I'm getting a bunch of errors like this in each worker

java.io.IOException: Cannot run program "/Users/ev/src/vendor/spark-0.6.2/run" (in directory "/opt/spark-0.6.2/work/job-20130315210627-0000/2"): java.io.IOException: error=2, No such file or directory
        at java.lang.ProcessBuilder.start(ProcessBuilder.java:460)
        at spark.deploy.worker.ExecutorRunner.fetchAndRunExecutor(ExecutorRunner.scala:126)
        at spark.deploy.worker.ExecutorRunner$$anon$1.run(ExecutorRunner.scala:36)
Caused by: java.io.IOException: java.io.IOException: error=2, No such file or directory
        at java.lang.UNIXProcess.<init>(UNIXProcess.java:148)
        at java.lang.ProcessImpl.start(ProcessImpl.java:65)
        at java.lang.ProcessBuilder.start(ProcessBuilder.java:453)

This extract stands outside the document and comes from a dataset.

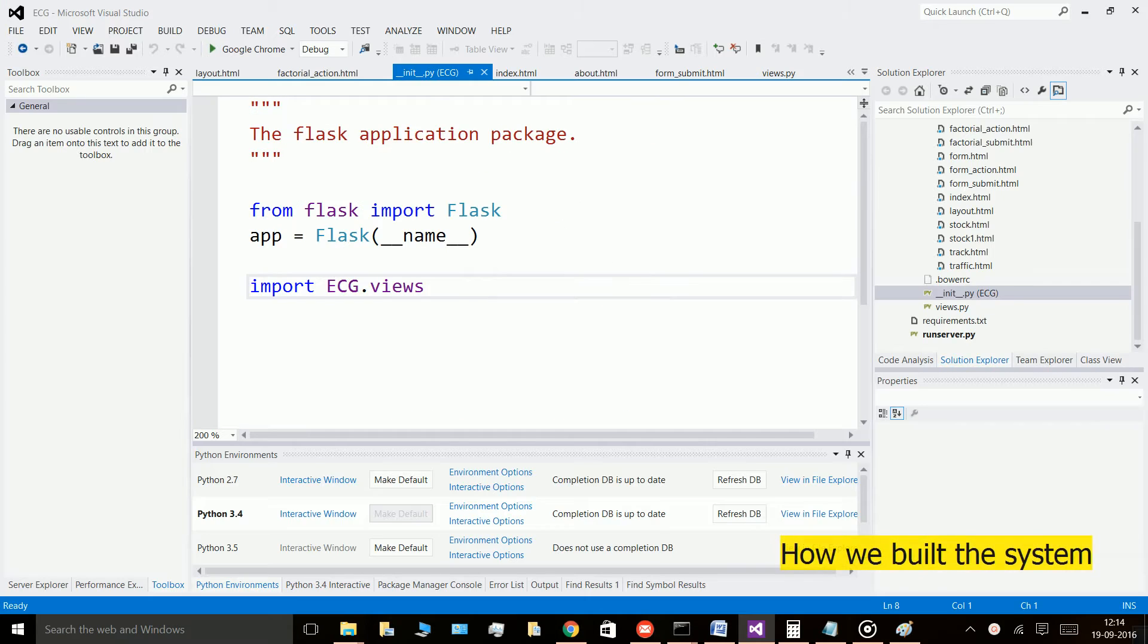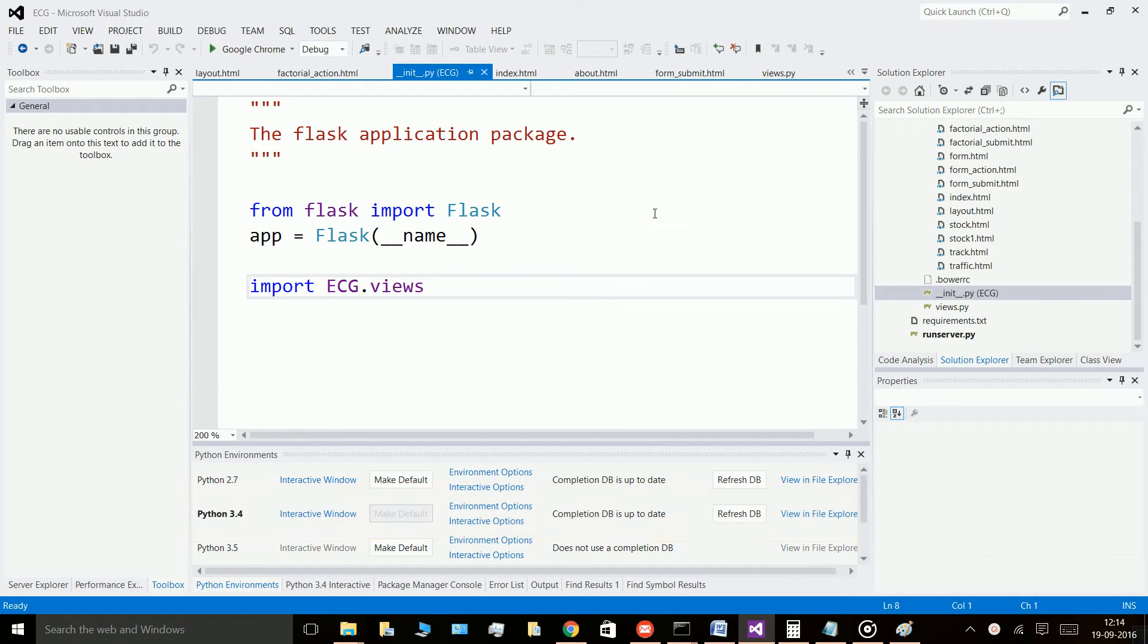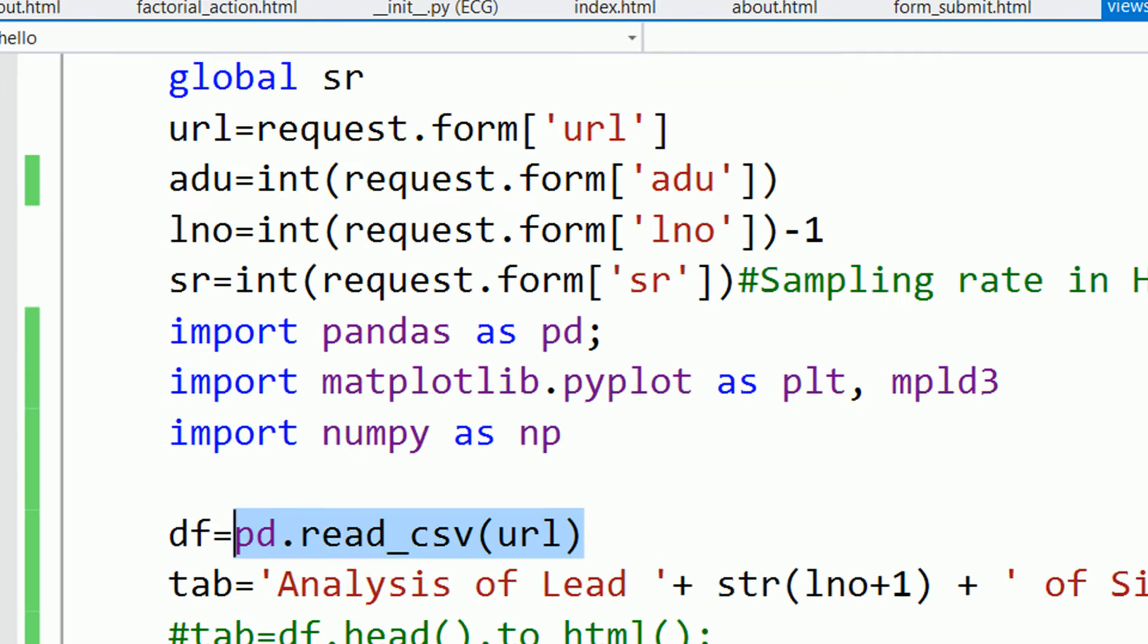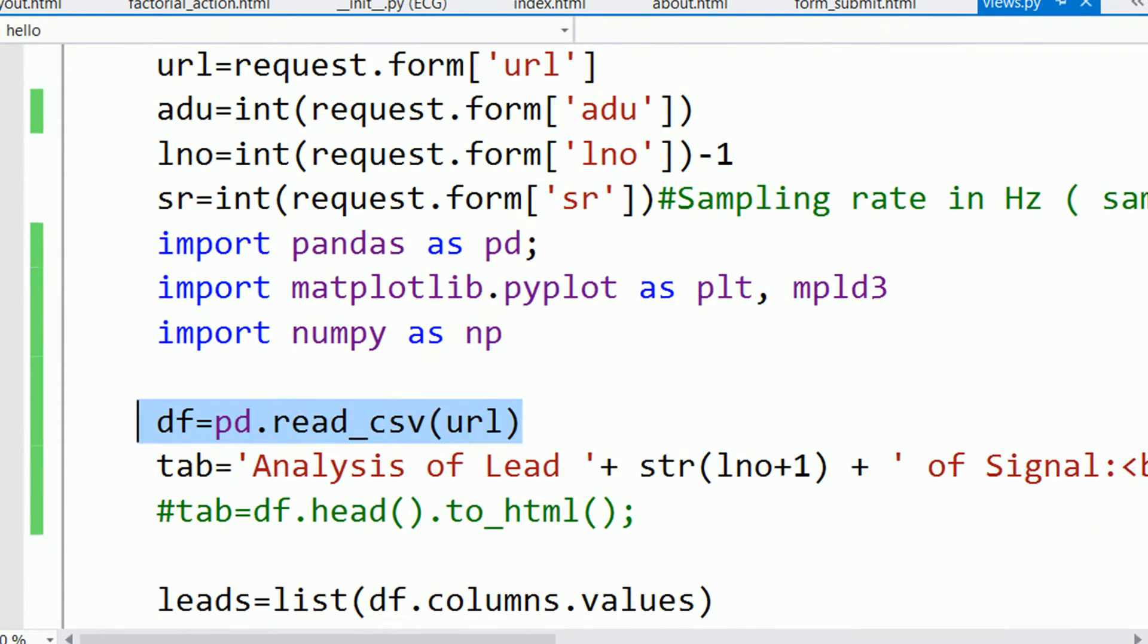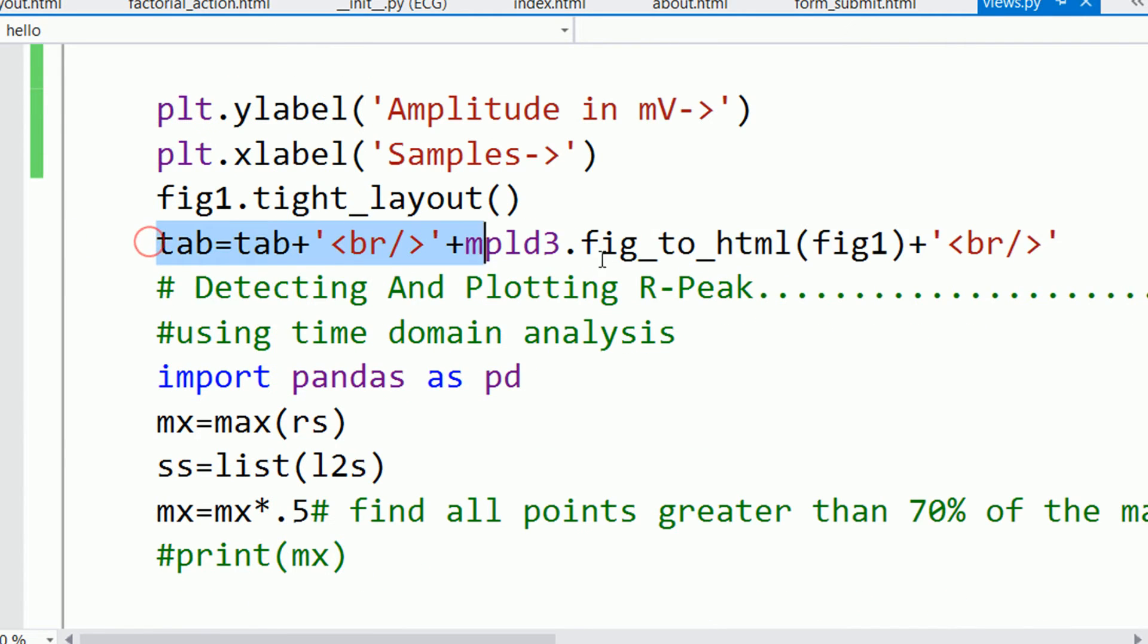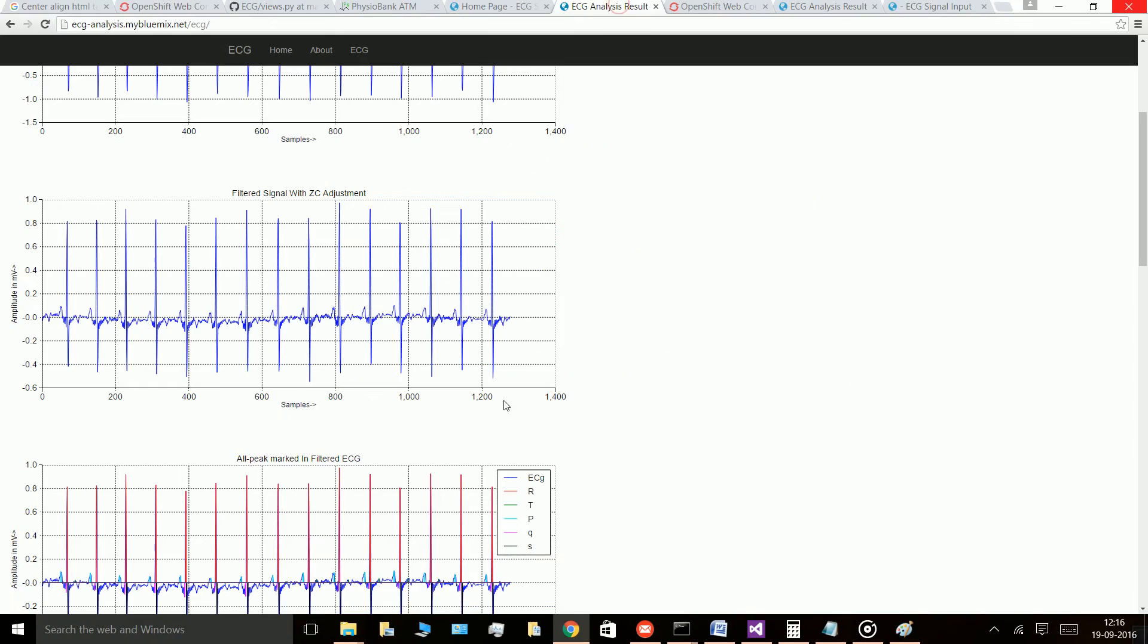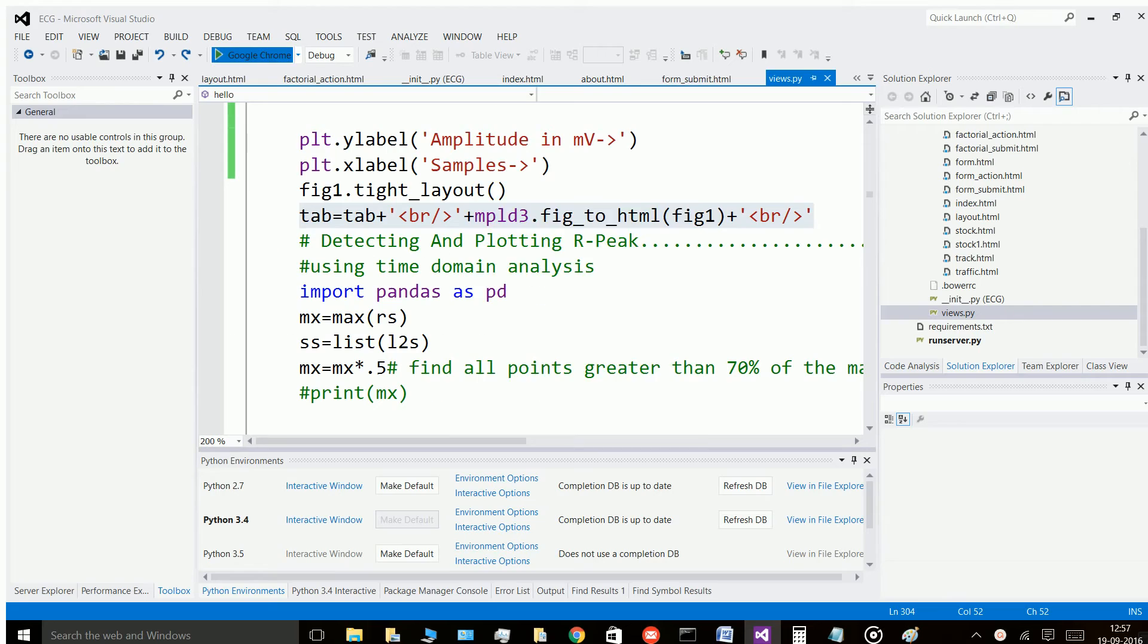We essentially built our system in Python 3.4 on Flask framework in Visual Studio.net. We use Pandas data frame to read and format remote CSV files, Numpy for processing the signals. Visualization is created using matplotlib which is then rendered on the web page using MPLD3, which is an interface for Python and d3.js charts.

It seems that Spark worker on the cluster somehow got my local Spark run script path, which is weird.  Does the local spark-shell need to have the same path as the one on the remote workers?

thanks,
Evan


You received this message because you are subscribed to a topic in the Google Groups "Spark Users" group.
To unsubscribe from this topic, visit https://groups.google.com/d/topic/spark-users/sbYOyXBpj60/unsubscribe?hl=en.
To unsubscribe from this group and all its topics, send an email to spark-users...@googlegroups.com.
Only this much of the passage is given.